Check out part 1 and part 2 of the series on SQL Transaction isolation levels.
After covering the theory and repeatable read, it's time for the last part of the introduction to SQL transaction isolation levels. This time we will take a closer look at READ UNCOMMITTED
and READ COMMITTED
, as they seem to be similar (by name), but are oh so different. One is the weirdest, while the other is the most reasonable, at least for me.
Levels description
Just a quick reminder in regard with the SQL standard and the phenomena that can occur here (see part 1 for more information what are those), in READ UNCOMMITTED
we can have all the side effects we can think of (dirty read, nonrepeatable read, phantom read and serialization anomaly), while for READ COMMITTED
dirty reads should not be possible.
In PostgreSQL READ COMMITTED
is the default level (for MySQL it's REPEATABLE READ
).
PostgreSQL interpretation
Read committed
We start with the more reasonable one, as this story is much shorter and won't leave you with the nightmares as the other one. When a transaction is started in READ COMMITTED
level, we accept the fact that the same SELECT
statement returns a different result, as other transactions can alter the data. Take a look at the simplest example:
A: BEGIN;
A: SET TRANSACTION ISOLATION LEVEL READ COMMITTED;
A: SELECT * FROM tbl WHERE <'condition'> -> 3 rows
B: BEGIN;
B: INSERT INTO tbl VALUES <maching 'condition'>;
A: SELECT * FROM tbl WHERE <condition> -> 3 rows
B: COMMIT;
A: SELECT * FROM tbl WHERE <condition> -> 4 rows
This makes our operations a bit less atomic (as we can select n
rows, then assume something that is not true a second later), but at the same time, our operations don't leave much mess behind. For instance, if you want to change all rows matching a certain condition, with REPEATABLE READ
you would only change the rows that were in place at the moment you started the transaction. Here, it's not the case, so your goal of having all rows changed does not run away from you.
Read uncommitted
Basic example
Now, this is where the story gets really interesting, as in my mind something like READ UNCOMMITTED
should not exist.
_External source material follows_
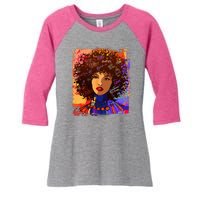 Coloful Graffiti Afro Woman Women's Tri-Blend 3/4-Sleeve Raglan Shirt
Imagine the following scenario, where the session A
accepts all the changes made to the data, regardless if they've been committed or not:
> MySQL
A: SET TRANSACTION ISOLATION LEVEL READ UNCOMMITTED;
A: BEGIN;
A: SELECT * FROM tbl WHERE <'condition'> -> 3 rows
B: BEGIN;
B: INSERT INTO tbl VALUES <maching 'condition'>;
A: SELECT * FROM tbl WHERE <condition> -> 4 rows
B: ROLLBACK;
A: SELECT * FROM tbl WHERE <'condition'> -> 3 rows
This is madness! And we just selected the data from the table - imagine that we took the data, calculated something based on this and stored in another place. The moment the second transaction is rolled back, the database is in an inconsistent state, even though we used transactions in both database sessions!
PostgreSQL denial
Again, I don't think that READ UNCOMMITTED
belongs in our world. Sounds too dramatic? Well, PostgreSQL agrees with me on this one, as even though you can set the transaction level there to UNCOMMITTED
, it will work the same way as COMMITTED
. How's that possible? The standard requires PostgreSQL to support a level with this name, but only tells us what phenomena can occur. As the list for COMMITTED
is included in the possible ones for UNCOMMITTED
, the standard is matched.
> PostgreSQL
A: BEGIN;
A: SET TRANSACTION ISOLATION LEVEL READ UNCOMMITTED;
A: SELECT * FROM tbl WHERE <'condition'> -> 3 rows
B: BEGIN;
B: INSERT INTO tbl VALUES <maching 'condition'>;
A: SELECT * FROM tbl WHERE <condition> -> 3 rows
B: COMMIT;
A: SELECT * FROM tbl WHERE <'condition'> -> 4 rows
The documentation od PostgreSQL even states that they did this as it was the only sensible way.
Conflicting updates
Let's start roasting UNCOMMITTED
by making conflicting updates in two sessions. We will select data for updates with the same condition WHERE
clause and will update it so that it no longer matches the condition. We would expect that the first UPDATE
changes the data, and the second one does nothing. This is indeed what happens, but in a slightly weird way:
A: SET TRANSACTION ISOLATION LEVEL READ UNCOMMITTED; BEGIN;
B: BEGIN;
A: SELECT * FROM tbl WHERE <condition1>; -> 1 row
B: UPDATE tbl SET <condition1->condition2>; -> 1 changed
A: SELECT * FROM tbl WHERE <condition1>; -> 0 rows
A: UPDATE * FROM tbl WHERE <condition1>; -> WAIT...(?)
B: COMMIT;
A: WAIT finished -> 0 changed rows
As you can see, the session B
is first to change the row that matches condition1
. Since session A
already sees that change before being committed by B
(proven with SELECT
returning no rows) we should not be changing anything. The strange thing is that even though SELECT
returns zero rows, the UPDATE
hangs and waits for session B
to finish. It's easy to understand it in an isolated example in the blog post, but imagine your app freezing when trying to change nothing. The wait is released once transaction in session B
is completed.
MySQL inconsistencies
To makes matters worse, the UNCOMMITTED
part of the isolation level name is indeed for READ
part only. If you start two transactions, select rows that match a certain condition, and then insert another matching entry in the second session, the first one happily notices a new match. The problem is that when you try to UPDATE
all those rows, the change is being made only on the original selection!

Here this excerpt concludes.